Saturday, August 23, 2008

The Later. Is The Sub- Prime Mortgage Market

Category: Finance.

The market in Australia for so- called non- conforming mortgages- those lent at. relatively fastest interest rates and fees to consumers who lack a good credit. history, proof of a steady income and significant assets- is still relatively. very small.



They have the traditional products( like the. products offered by the major lending institutions i. e. In America there are many. bad- creditloans. products like here in Australia.
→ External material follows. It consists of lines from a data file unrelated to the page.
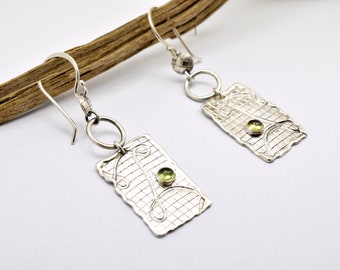 Modernist green stone earrings from sterling silver and peridot gemstone, Long dangle and textured gift for her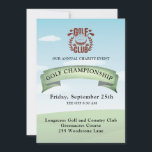 Golf Club Charity Tournament Logo Photo Invitation<br><div class="desc">This Golf Club Men's Tournament Invitation can be fully personalized and the photo replaced with your own. It can be used for a corporate or charity gold tournament or, with a change of text, a retirement or birthday party invitation. Any design assistance, just send a chat and we'll be delighted...</div>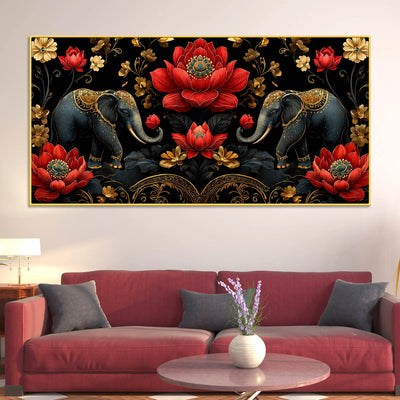 Royal Elephant Pair with Crimson Blooming Lotus 3D Canvas Wall Painting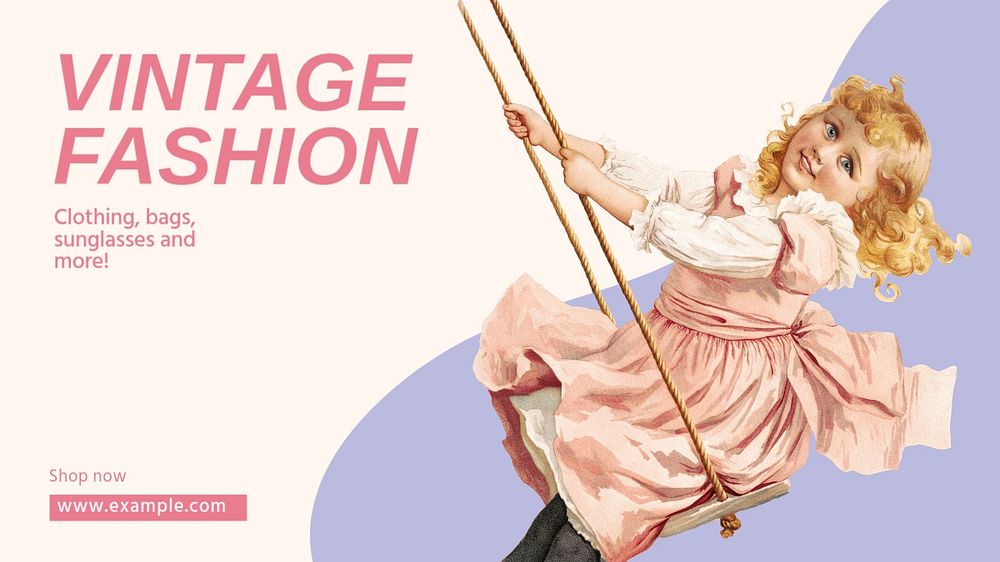 Vintage fashion blog banner template, editable design & text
CBA, and NAB, ANZ. etc) and they also have loan providers that cater for people that fit outside. the traditional lending square i. e. customers with previous credit defaults, a. history of poor loan repayments or non traditional income methods. The summary for origisations in the non- conforming market to rise by as per. year average of 25 percent in the coming Five years- more than double the. pace expected for prime mortgage lending. The later. is the Sub- prime mortgage market. Competition in this segment of the. market will only intensify in the coming years.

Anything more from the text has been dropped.